**INPUT**

============================================================

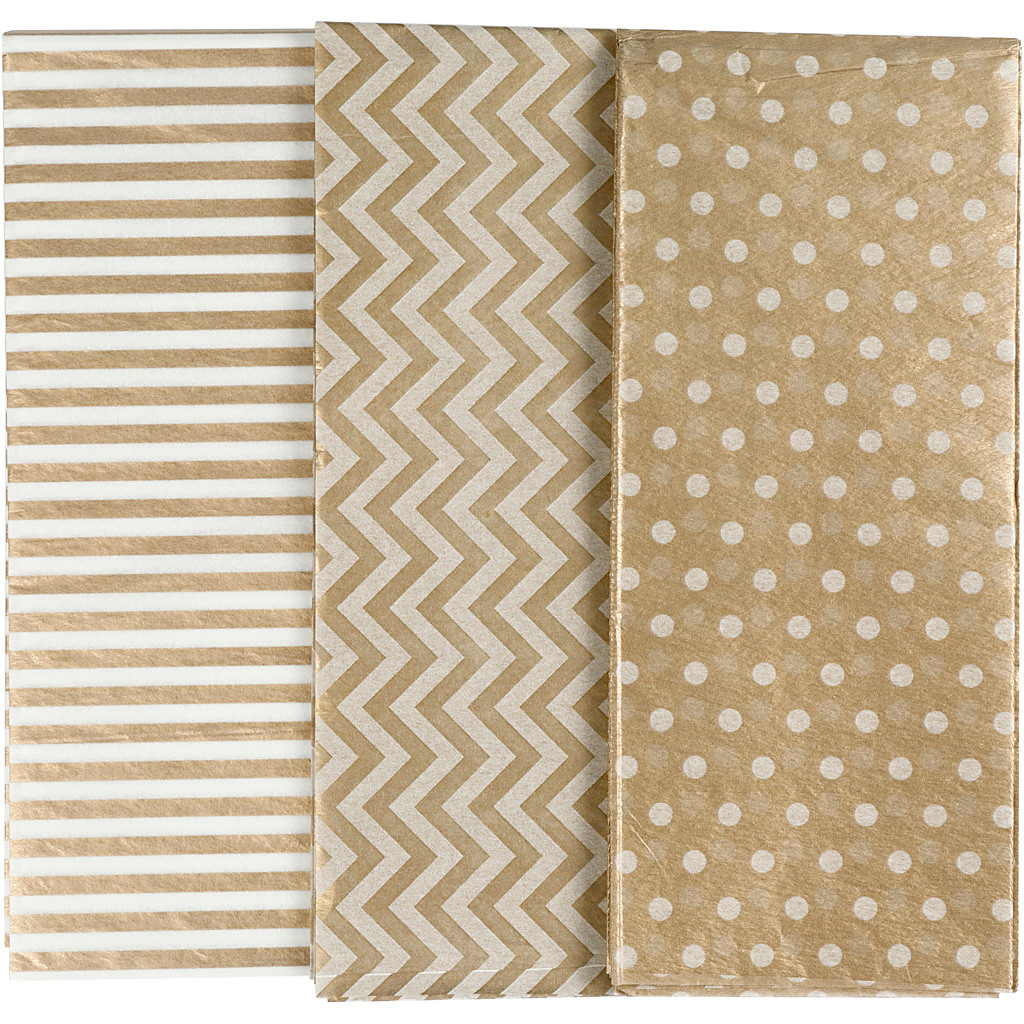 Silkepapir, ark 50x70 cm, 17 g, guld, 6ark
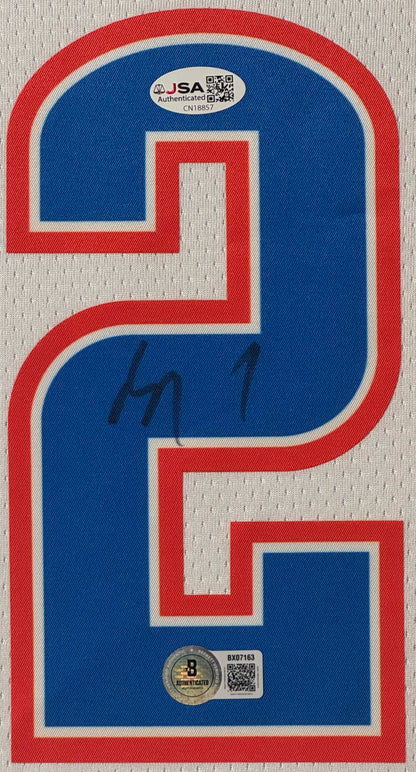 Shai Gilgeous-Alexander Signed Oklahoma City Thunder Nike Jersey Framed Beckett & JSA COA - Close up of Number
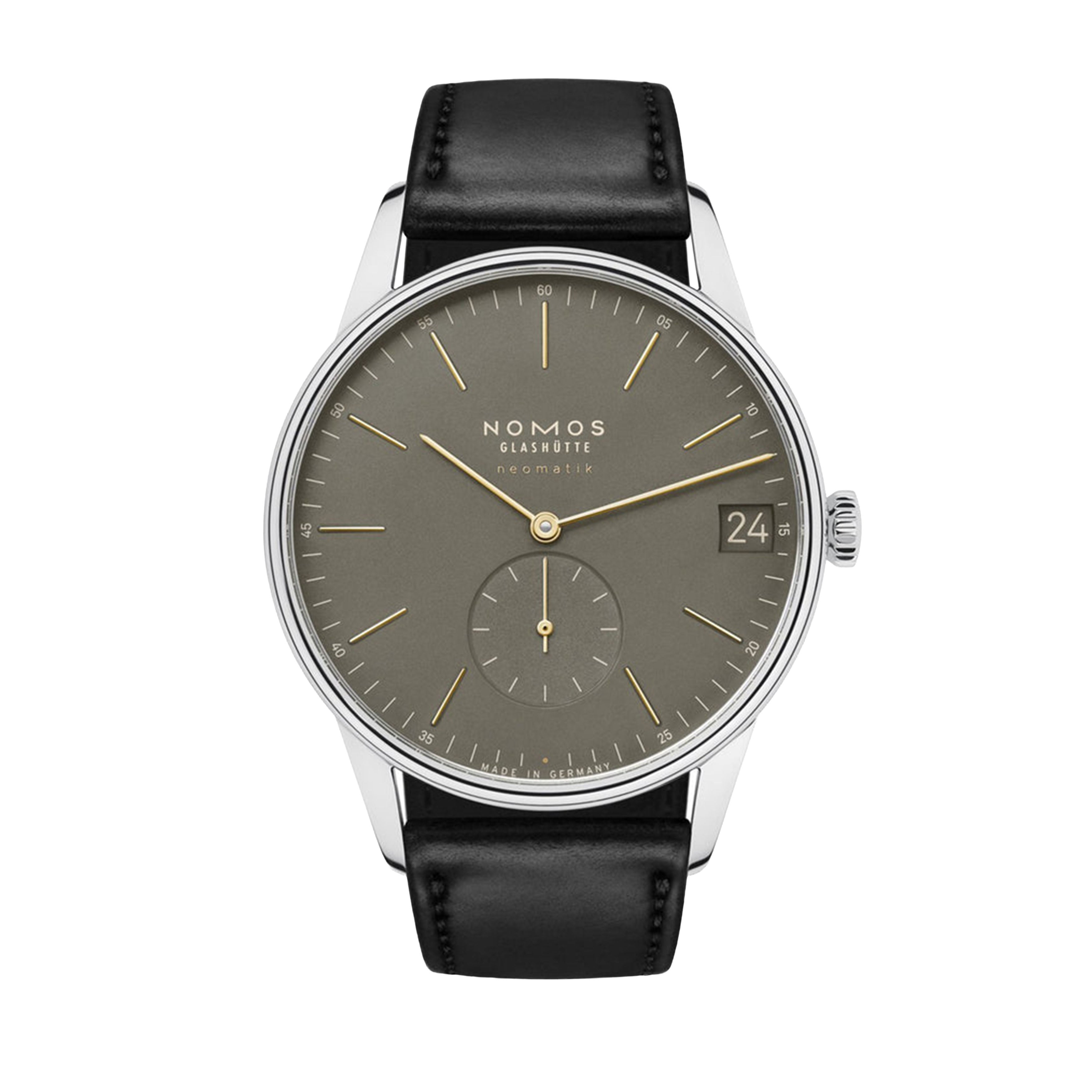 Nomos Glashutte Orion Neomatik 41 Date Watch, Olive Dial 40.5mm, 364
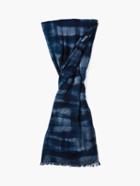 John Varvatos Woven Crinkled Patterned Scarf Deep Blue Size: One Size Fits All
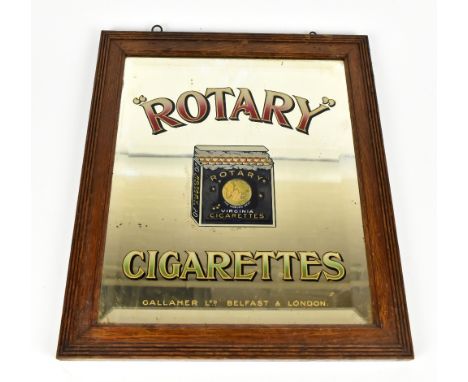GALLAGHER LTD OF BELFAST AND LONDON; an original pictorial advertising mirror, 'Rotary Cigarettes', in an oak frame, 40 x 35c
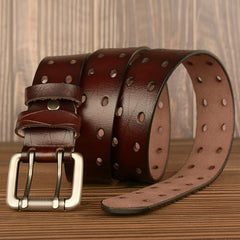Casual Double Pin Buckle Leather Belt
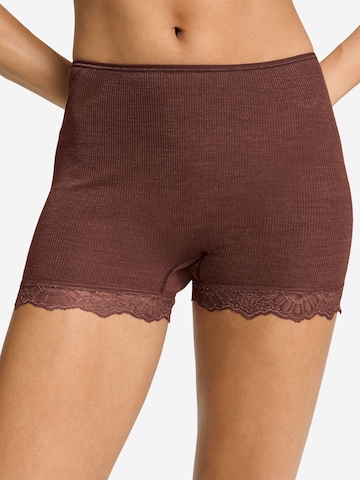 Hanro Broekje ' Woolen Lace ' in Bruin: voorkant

============================================================

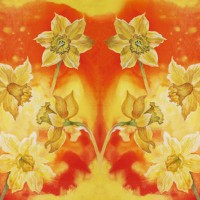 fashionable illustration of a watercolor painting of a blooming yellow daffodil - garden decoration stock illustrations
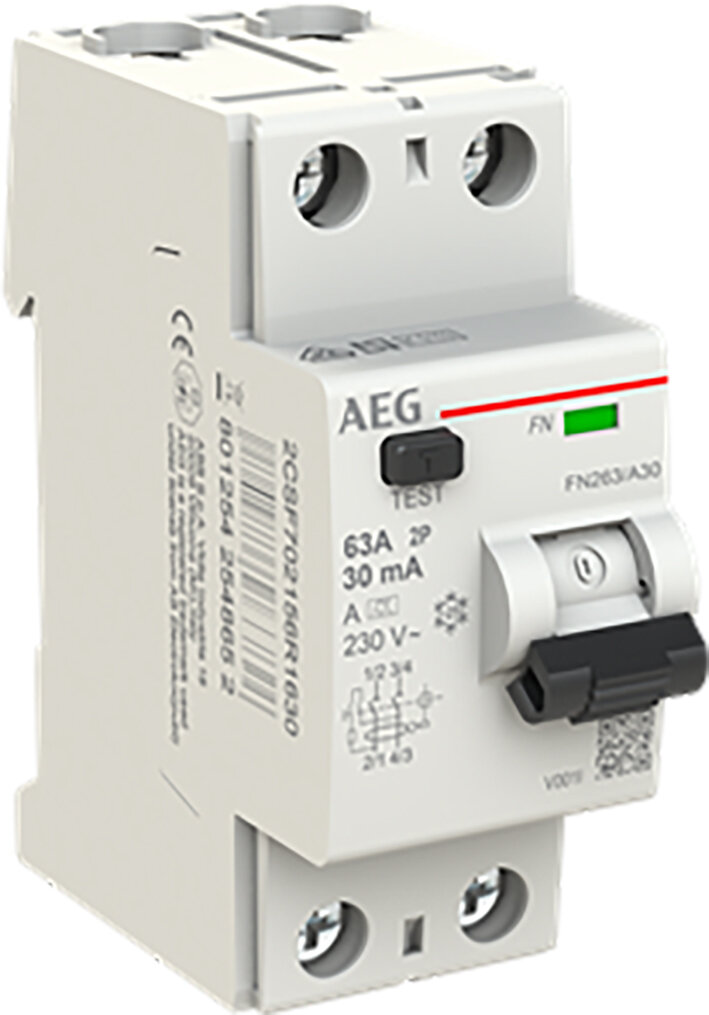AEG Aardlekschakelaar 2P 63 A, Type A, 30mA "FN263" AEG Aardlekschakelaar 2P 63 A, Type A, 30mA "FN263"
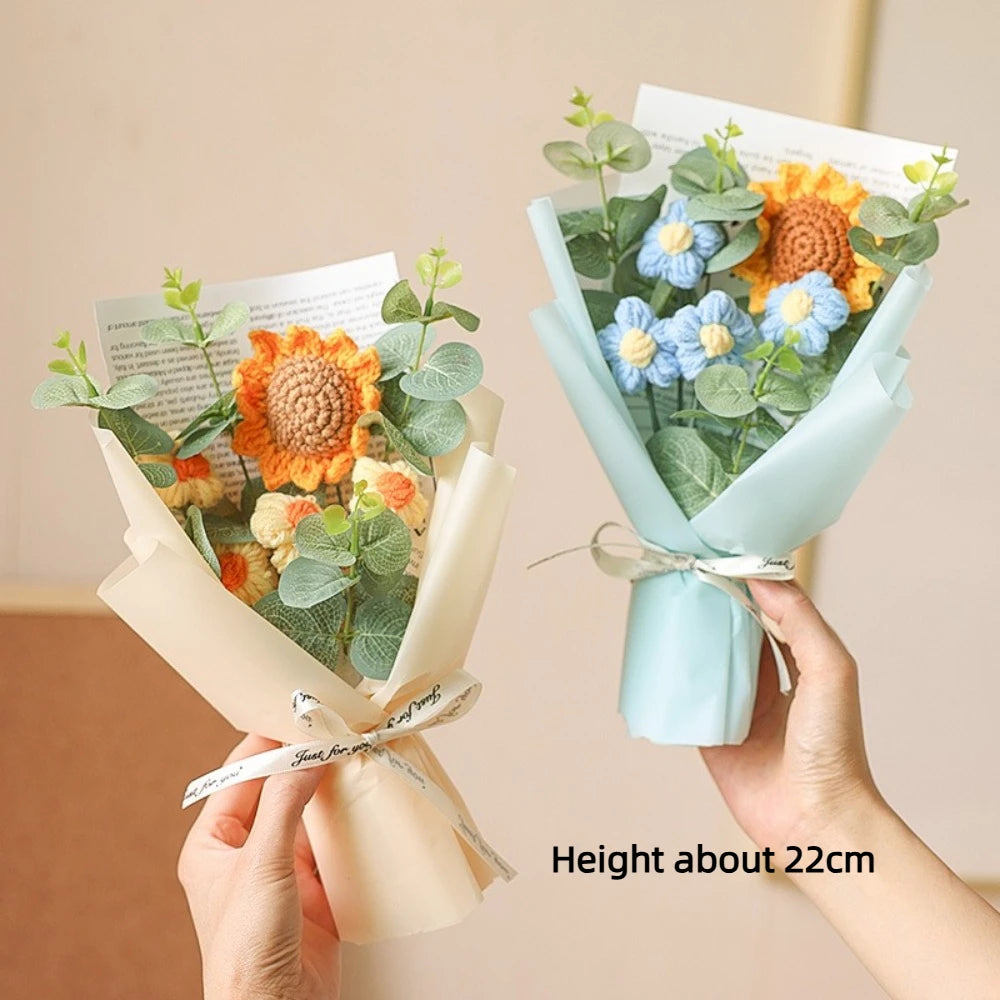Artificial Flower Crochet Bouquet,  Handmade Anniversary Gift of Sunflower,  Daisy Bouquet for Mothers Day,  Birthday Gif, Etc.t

============================================================

Although the records hold pictures, the copy must not; give again exactly the lines from the one with "Nomos Glashutte Orion" through the one with "Casual Double Pin Buckle Leather Belt".

**ANSWER**
 Nomos Glashutte Orion Neomatik 41 Date Watch, Olive Dial 40.5mm, 364
 John Varvatos Woven Crinkled Patterned Scarf Deep Blue Size: One Size Fits All
GALLAGHER LTD OF BELFAST AND LONDON; an original pictorial advertising mirror, 'Rotary Cigarettes', in an oak frame, 40 x 35c
Casual Double Pin Buckle Leather Belt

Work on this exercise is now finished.